**TASK**
Each line of the data must be given back verbatim, with pictures removed.

**DATA BLOCK**
######

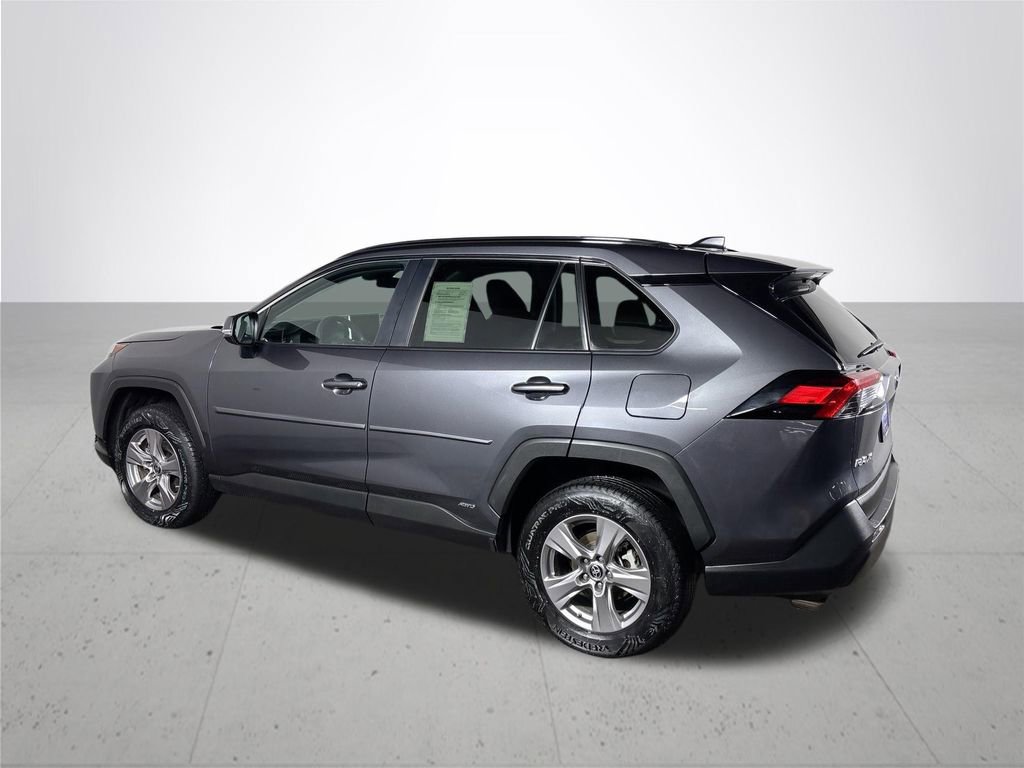 Used 2024 Toyota RAV4 LE AWD/4WD image 8
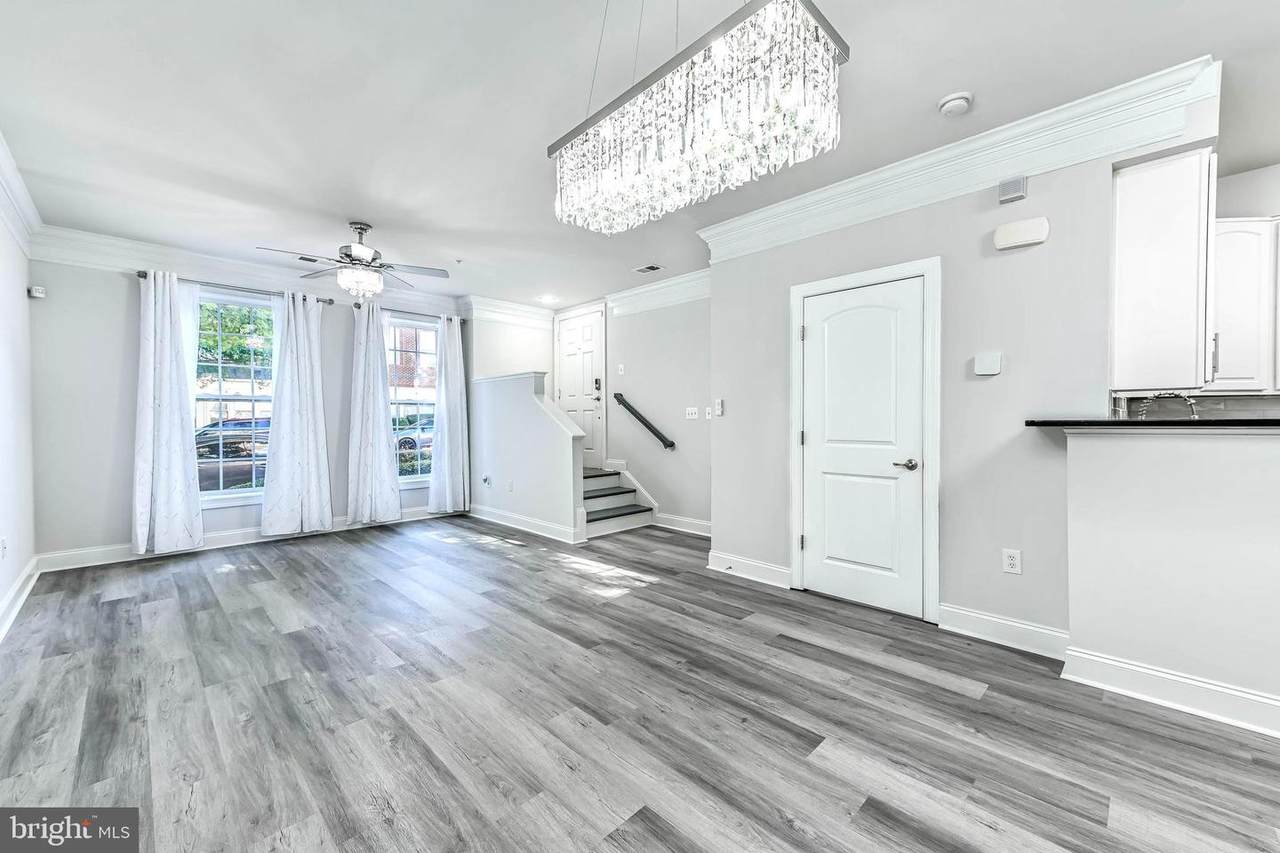 15158 Kentshire Drive - Photo 1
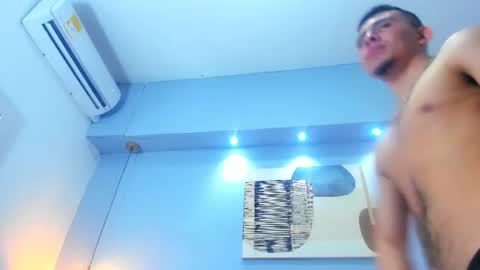 Eross online show from 06-26-26, 03:16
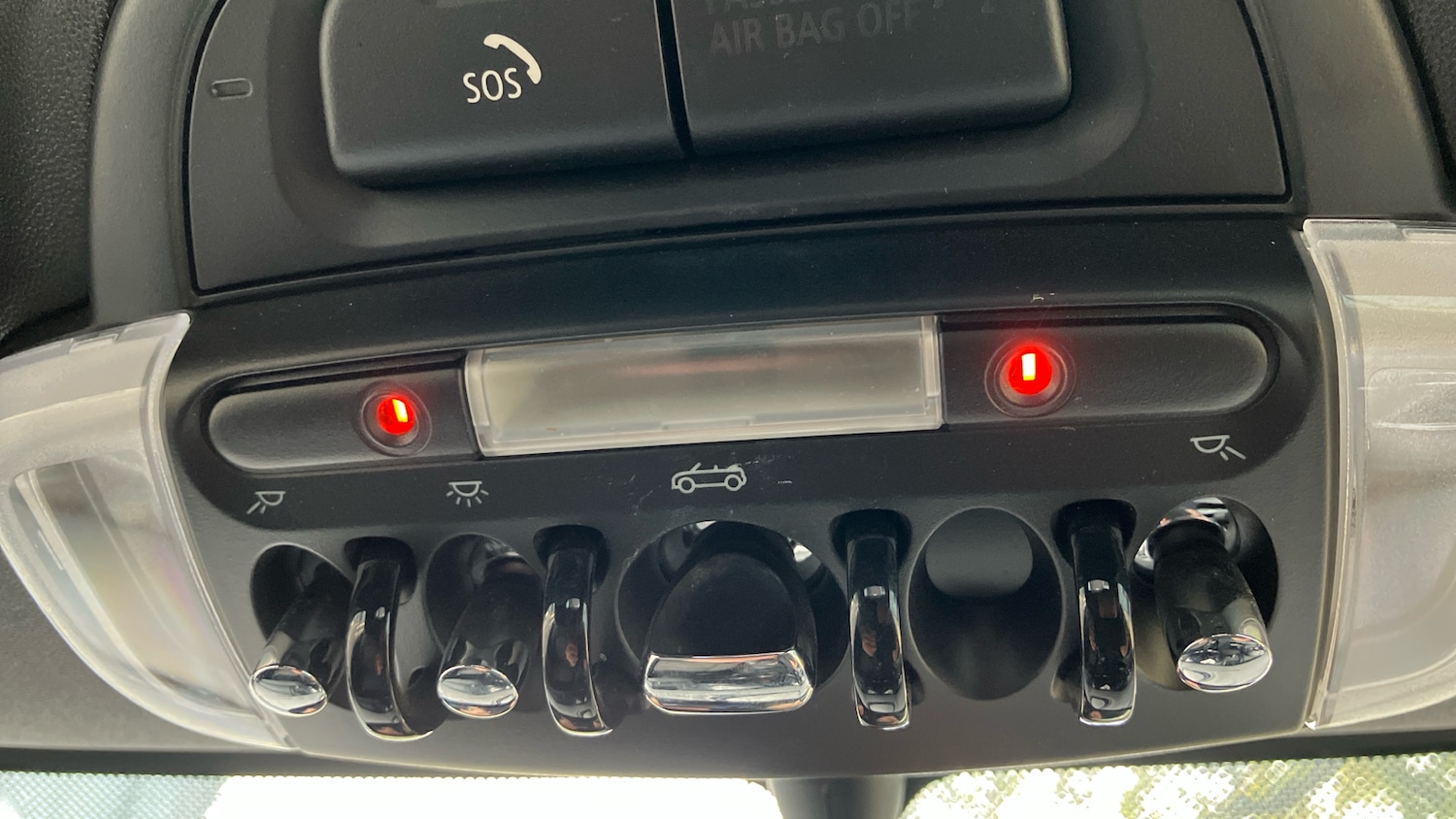 Used MINI Convertible 2018 for sale - 76362859: Photo 43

######

**EXPECTED OUTPUT**
 Used 2024 Toyota RAV4 LE AWD/4WD image 8
 15158 Kentshire Drive - Photo 1
 Eross online show from 06-26-26, 03:16
 Used MINI Convertible 2018 for sale - 76362859: Photo 43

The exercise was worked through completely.